9punkt - Die Debattenrundschau vom 10.04.2024 finden Sie hier

Film

Wirkt wie im Museum und wurde zum Teil auch in einem solchen gedreht: "Ein Glücksfall" von Woody Allen

Woody Allen hat auch schon lange kein Meisterwerk mehr gedreht - und ob der 88-Jährige noch eines in sich trägt, daran haben die Filmkritiker erhebliche Zweifel. Auf seinen neuen, diesmal in Paris gedrehten Film "Ein Glücksfall" reagieren sie jedenfalls gelangweilt: "Schon in den Anfangsszenen" merkt FAZler Andreas Kilb, dass diese Story über zwei junge Erwachsene, die sich lange nach der Schulzeit zufällig auf der Straße treffen und sich prompt ineinander verlieben, "nicht von einem Franzosen stammt". Zwar inszeniert Allen routiniert, doch "die handwerkliche Perfektion dreht im leeren Raum. Der Regisseur, der kein Französisch kann, habe den Schauspielern die größtmögliche Freiheit bei den Dialogen gelassen, heißt es. Das sieht man, denn sie sprechen ihre Sätze nicht zueinander, sondern vor sich hin, und wenn sie etwas Wichtiges zu sagen haben, blicken sie in den Himmel über der Kamera, als hingen dort die Scheinwerfer eines alten Hollywoodfilms. Die Ausstattung tut ein Übriges: Sie ist so pariserisch wie ein Dekorationsentwurf für ein Museum."

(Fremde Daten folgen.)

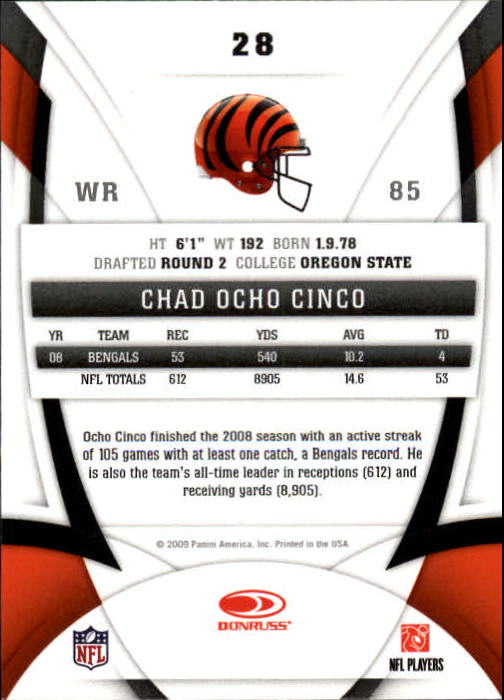 2009 Certified #28 Chad Ochocinco back image
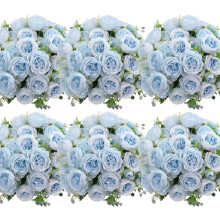 6pcs Blue & Red Silk Peonies Artificial Flowers Bulk, Realistic Faux Peony Bouquet for Wedding Decor, Vase Arrangements – Compatible with Floral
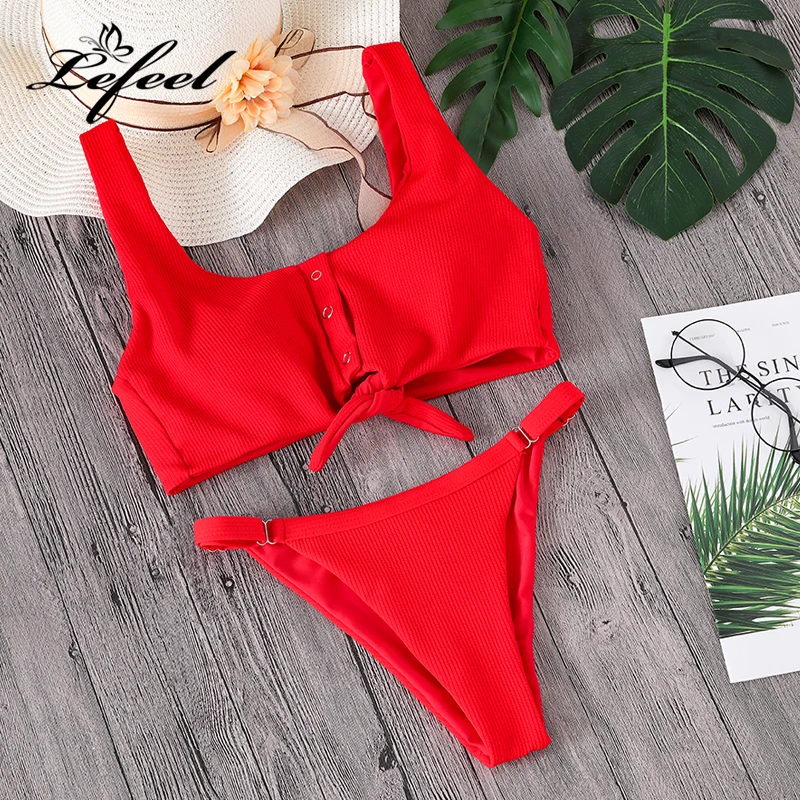 Lefeel 2018 Sexy Two Piece Bikini Set Solid Swimwear Low Waist Swimsuit Women Hot Sale Bikinis Bathing Suit Summer Biquini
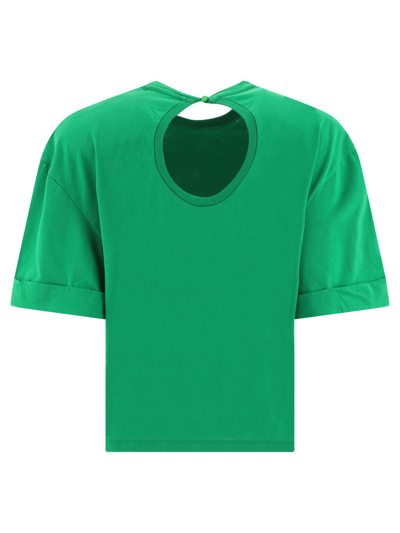 Shop Rotate Birger Christensen Rotate Women's Green Cotton T-shirt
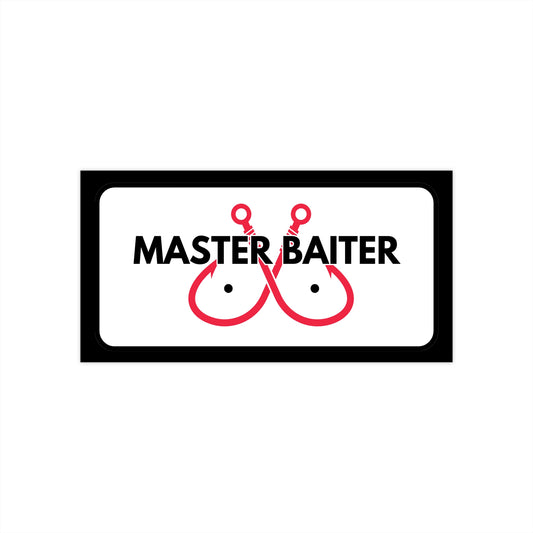 Master Baiter Car Bumper Sticker – Funny Fishing Prank Gift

"Allens Leidenschaft für das Filmemachen ist erloschen", seufzt Andreas Busche im Tagesspiegel. "Die Paris-Bilder von Kameramann Vittorio Storaro sind flach und fernsehtauglich ausgeleuchtet, die Einblicke in die Gepflogenheiten der Pariser Oberschicht, die ihre Wochenenden mit Jagdausflügen verbringt, lassen Allens scharfe Beobachtungsgabe vermissen. Und alle Überlegungen über die unvorhersehbaren Wege des Schicksals, die die Figuren anstellen, bleiben eine merkwürdige Behauptung in einem Film, dessen Geschichte dermaßen konstruiert ist." Immerhin sieht Busche Melvil Poupaud und Lou de Laâge gerne bei ihrem Spiel zu und Kira Taszman vom Filmdienst hat etwas Freude am "soliden Drehbuch", das diesem "kurzweiligen Thriller" zu Grunde liegt. Die NZZ hat mit Allen gesprochen.

Weitere Artikel: Esther Buss resümiert in der Jungle World den diesjährigen Diagonale-Schwerpunkt mit Filmen über die ersten Gastarbeiter-Generationen in Deutschland und Österreich. Carola Schwarz spricht für die taz mit der Schauspielerin Jella Haase, die aktuell mit "Chantal im Märchenland" (unsere Kritik) im Kino zu sehen ist. Andreas Hergeth wirft für die taz einen Blick aufs Programm des Filmfestivals Achtung Berlin. Nils Minkmar erinnert in der SZ an Wolfgang Menge, der vor 100 Jahren geboren wurde.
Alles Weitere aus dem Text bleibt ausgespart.